So do we have a potential date and venue people? 

Date :- 27th September
Venue :- The Beagle pub, Ipswich


----------



## ip2_tt (May 1, 2008)

if were saying the beagle whattime we looking at,

no one fancy a southend trip then ?


----------



## goonette (May 30, 2008)

27th is fine with me!

Takes women to organise it as usual! 8)


----------



## Dotti (Mar 9, 2003)

27th Sept cool with me too 8)


----------



## ip2_tt (May 1, 2008)

what time we saying sat 27th sep as its a saturday and saturdays are football days well until 4.45


----------



## goonette (May 30, 2008)

Well thought Dottie, that Sat is an Ipswich home game and an evening kick off, 5.20 apparently. Bugger!

Is anyone else interested in this or just us? The boys seem to have gone quiet.....


----------



## Dotti (Mar 9, 2003)

Well, we did tr Goonette.


----------



## goonette (May 30, 2008)

Indeed, perhaps it's because there wouldn't be women draped over their cars at The Beagle?


----------



## Dotti (Mar 9, 2003)

goonette said:


> Indeed, perhaps it's because there wouldn't be women draped over their cars at The Beagle?


 We can do that! :lol:


----------



## goonette (May 30, 2008)

Oh yes, that's true. lol


----------



## ip2_tt (May 1, 2008)

im male and im up for it


----------



## Essex Audi (Aug 1, 2007)

Coming home last night and noticed lakeside being very busy actually it was so busy people drifting and that really good meet if u all fancy this one saturday night


----------



## ip2_tt (May 1, 2008)

lakeside would be good chap i wouldnt mind popping down one sat night mate, do u just go there or southend first then down to lakeside?


----------



## Dotti (Mar 9, 2003)

9th August this thread was started and still no venue, date or anything! :roll: Goonette, fancy meeting up on our own for a girlie spot of lunch?


----------



## goonette (May 30, 2008)

Dotti said:


> 9th August this thread was started and still no venue, date or anything! :roll: Goonette, fancy meeting up on our own for a girlie spot of lunch?
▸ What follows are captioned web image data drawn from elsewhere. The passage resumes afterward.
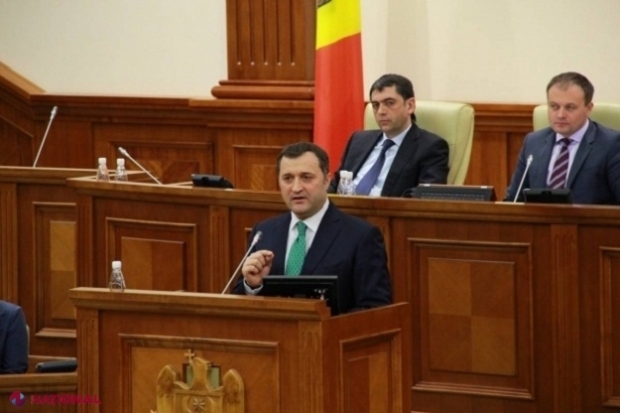 DOC // Vlad Filat, prima SCRISOARE publică de când a fost condamnat definitiv: Cui i-a adresat-o și ce răspuns a primit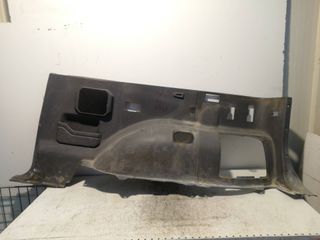 GUARNECIDO PUERTA TRASERA DERECHA MITSUBISHI MONTERO (V20/V4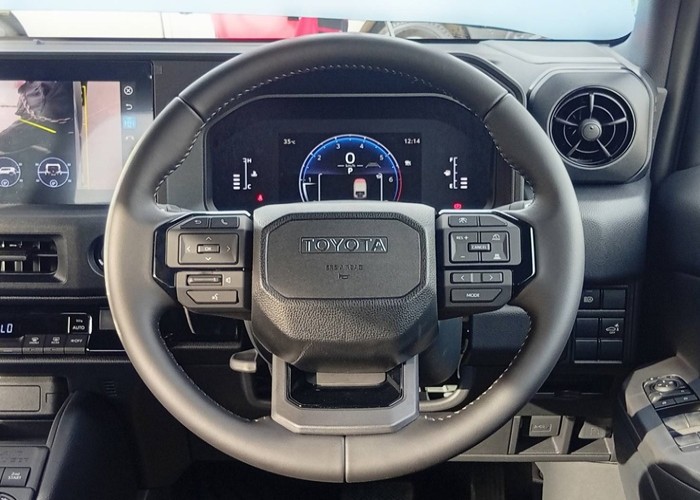 Used 5
                    TOYOTA
                     for Sale Image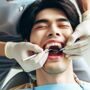 Что лучше: восстановление зуба коронкой или пломбой?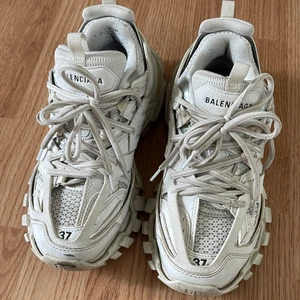 Balenciaga track - Äkta Strl 37 köpta för två år sedan tror jag?  kartong finns ej. Ej använda mycket köpta för 7400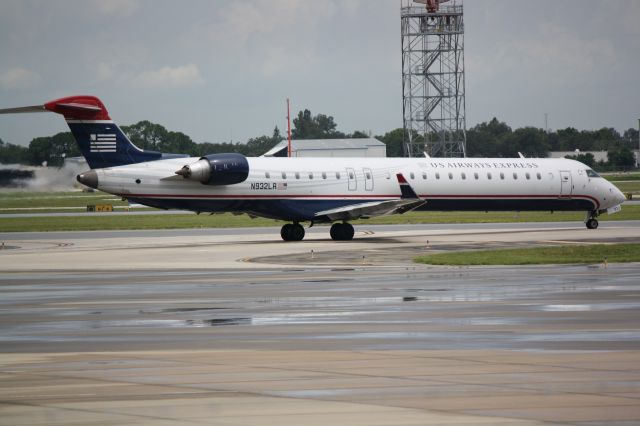 Canadair Regional Jet CRJ-900 (N922LR)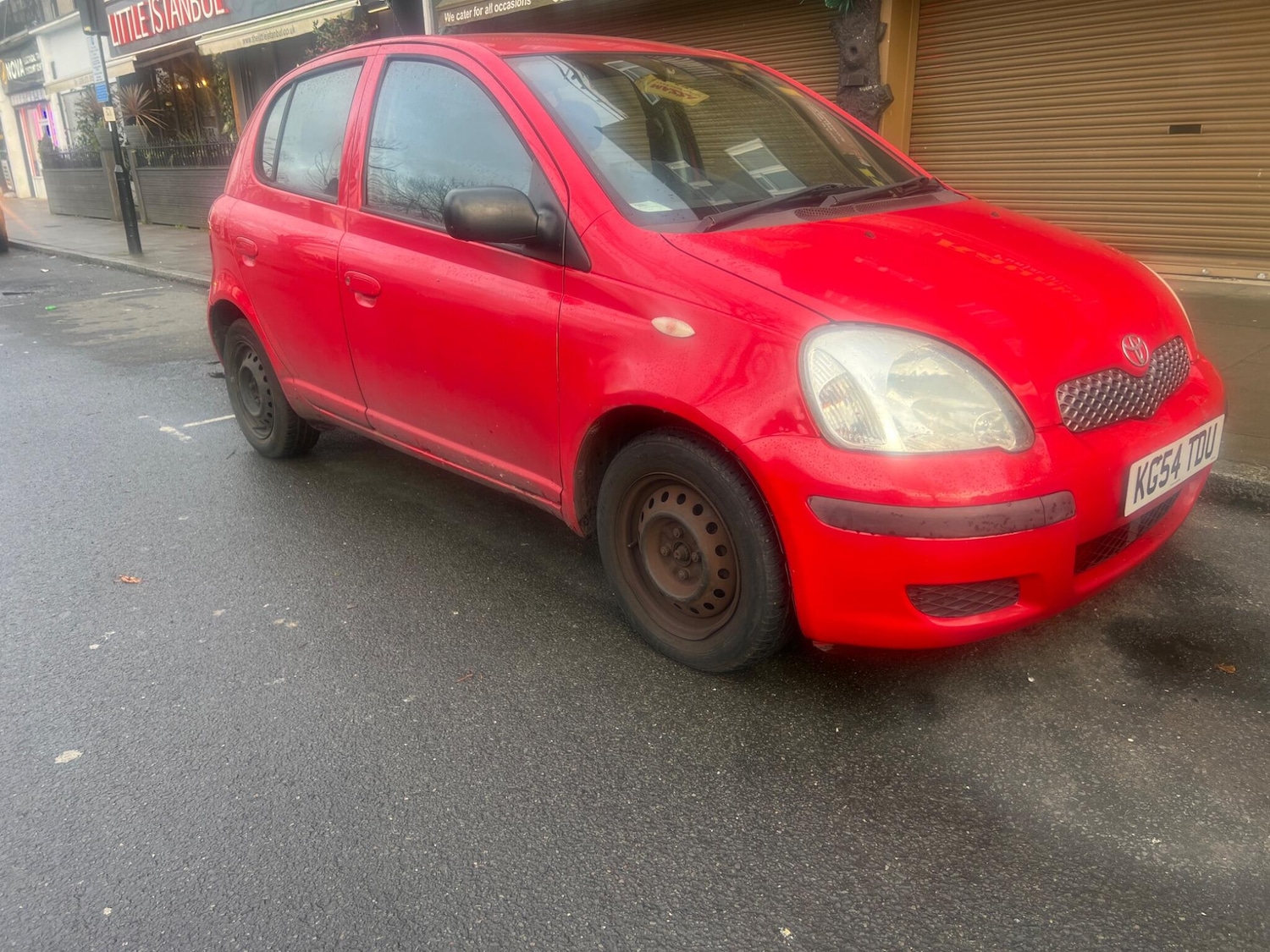 Used Toyota Yaris 2004 for sale - 76925928: Photo 5
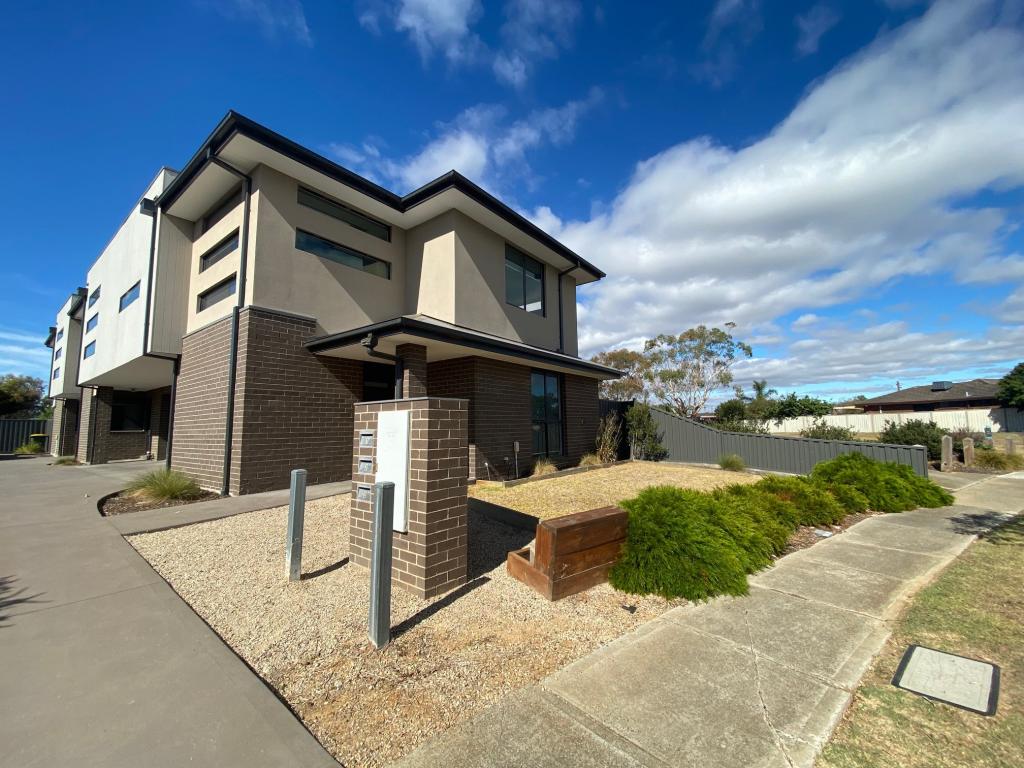 2/24 Tamarind Cres, Werribee, VIC 3030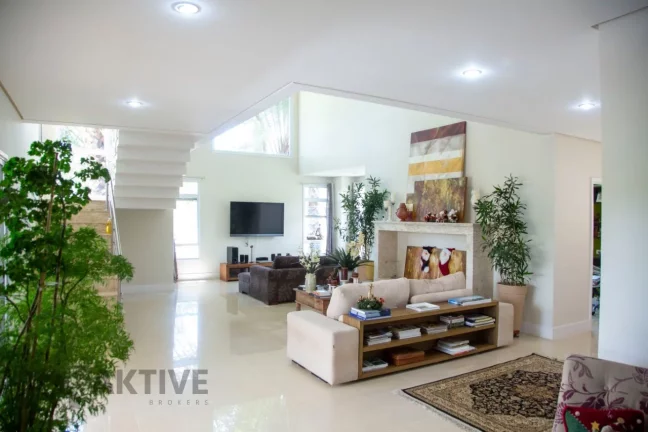 Imagem Casa de Condomínio em Alphaville - Santana de Parnaíba, SP
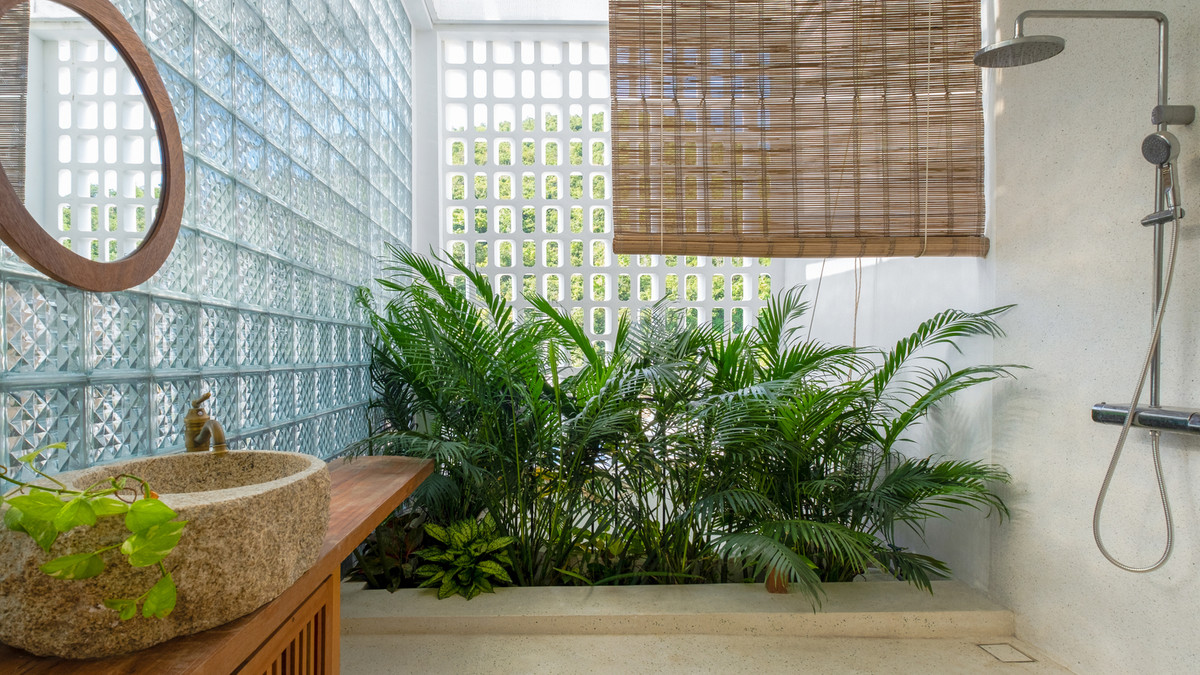 Phòng tắm thiết kế mở tràn ngập ánh sáng tự nhiên.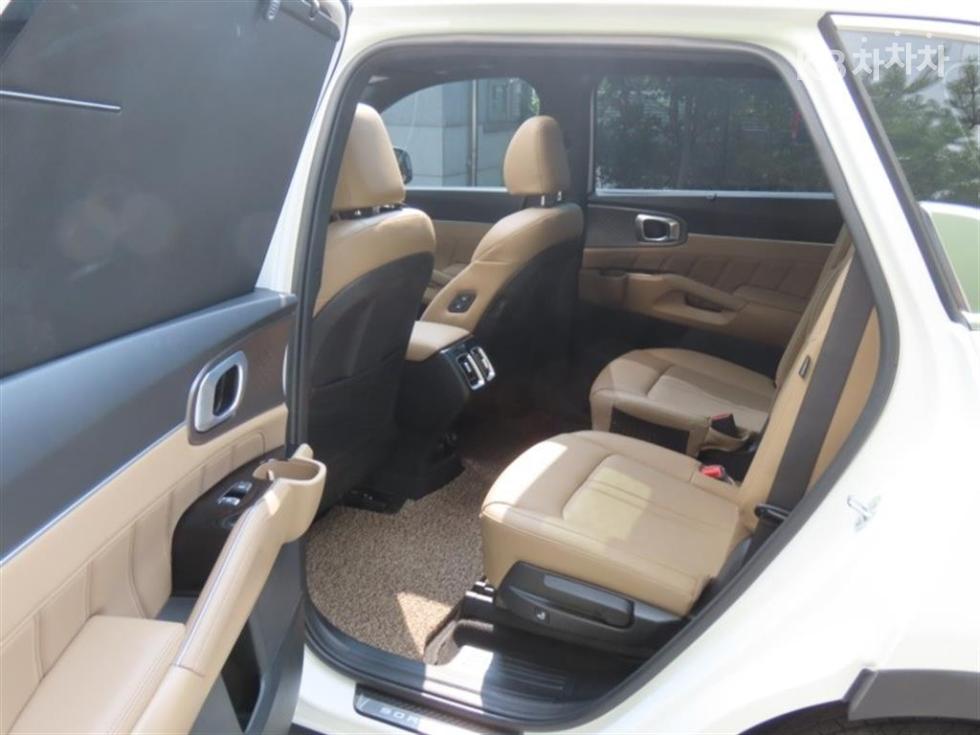 2024 - kia sorento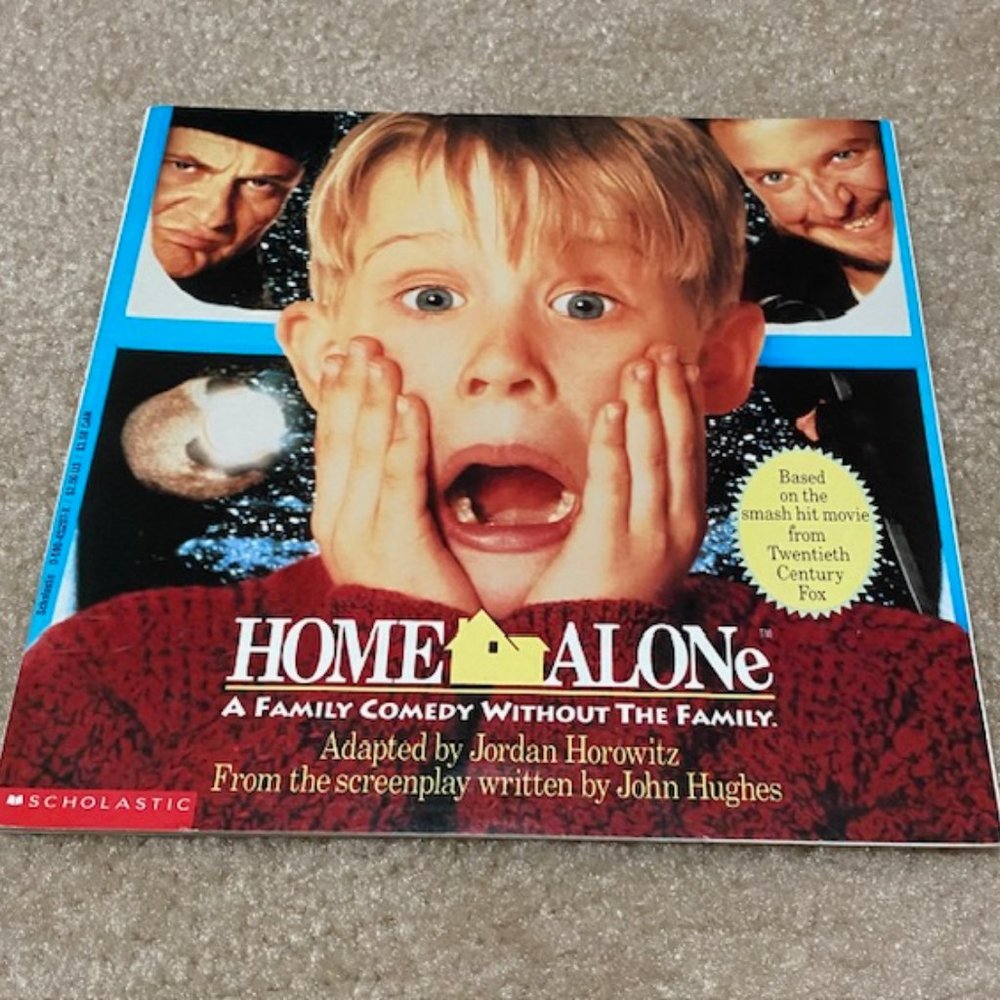 Home alone paperback. Based on the hit movie. 1990.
Yeah that sounds good. We'll do it without the boys!


----------



## marc tt (Aug 4, 2008)

yeah b good to meet up, i'm from ipswich and would like to do some cruisin so count me in !


----------



## TTonyTT (Apr 24, 2006)

It's been a while since I looked in here ... shame to see it so quiet out this way in East Anglia ... not sure that I fancy a drfiting evening at Lakeside, but the Beagle's not so far away ...


----------



## goonette (May 30, 2008)

Dottie and I are trying to fix the Beagle as a meeting place. Its those lads who are after drifting, lol.


----------